Will Rogers, by artist Charles Banks Wilson, National Portrait Gallery, Smithsonian Institution

The National Portrait Gallery is about to debut its first exhibition to be presented exclusively on its website.

Since 2006, the museum has held seventeen exhibitions in the series One Life, which is dedicated to the biography of a single figure, Will Rogers (1879–1935). This latest exhibit, “One Life: Will Rogers” dives deeper into the life and career of the prolific political commentator whose comedic wit crossed social and political divides.

His career spanned vaudeville, silent films, “talkies,” radio, and newspapers. And he was tasked with lifting the nation’s spirits during some of the most trying times — from World War I, the recession that followed, and the Great Depression.

Born to a prominent Cherokee family on a ranch in Indian Territory near present-day Oologah, Oklahoma, Rogers could lasso anything. Defying stereotypes of the rugged cowboy, he was a great intellect, who authored six books, appeared in seventy-one films, wrote 4,000 syndicated newspaper columns, and hosted a popular Sunday evening radio program.
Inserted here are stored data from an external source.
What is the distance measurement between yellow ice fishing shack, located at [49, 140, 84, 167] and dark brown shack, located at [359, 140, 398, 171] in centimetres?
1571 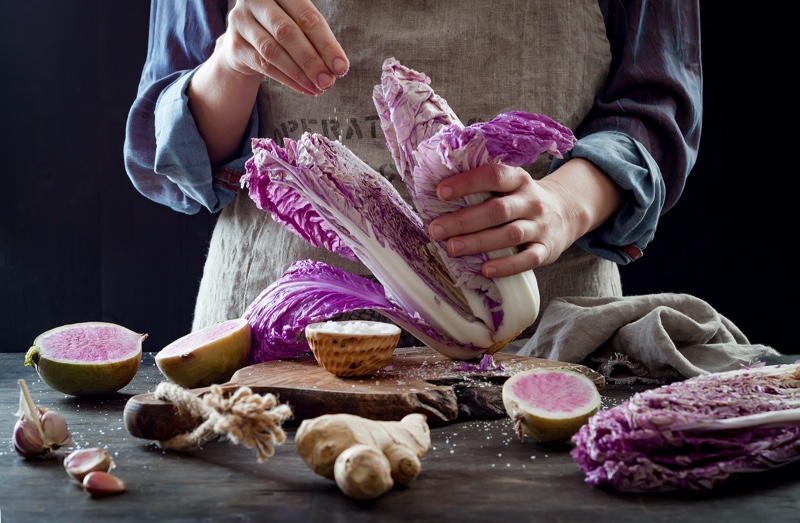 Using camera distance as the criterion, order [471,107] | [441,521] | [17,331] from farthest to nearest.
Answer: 1. [17,331]
2. [471,107]
3. [441,521]

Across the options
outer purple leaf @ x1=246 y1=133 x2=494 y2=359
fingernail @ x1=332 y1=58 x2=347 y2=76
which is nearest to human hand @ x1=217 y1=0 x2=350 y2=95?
fingernail @ x1=332 y1=58 x2=347 y2=76

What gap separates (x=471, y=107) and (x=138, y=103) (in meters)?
0.75

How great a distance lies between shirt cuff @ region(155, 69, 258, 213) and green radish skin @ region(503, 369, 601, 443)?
89 centimetres

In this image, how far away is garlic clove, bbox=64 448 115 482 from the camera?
950 mm

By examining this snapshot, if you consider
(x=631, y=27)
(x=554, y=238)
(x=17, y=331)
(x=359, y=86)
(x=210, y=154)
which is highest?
(x=631, y=27)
The precursor to Mickey Rooney, or today’s Stephen Colbert, Rogers voiced a perspective with broad appeal to the masses in the first half of the twentieth century.

“One Life: Will Rogers” is planned to be presented online from June 25, 2021 and ongoing.

The National Portrait Gallery’s “One Life: Will Rogers” exhibition is co-curated by retired Portrait Gallery Historian James Barber and Historian Kate Clarke Lemay. It was funded in part by the Guenther and Siewchin Yong Sommer Endowment Fund, with additional support received from the Smithsonian Women’s Committee.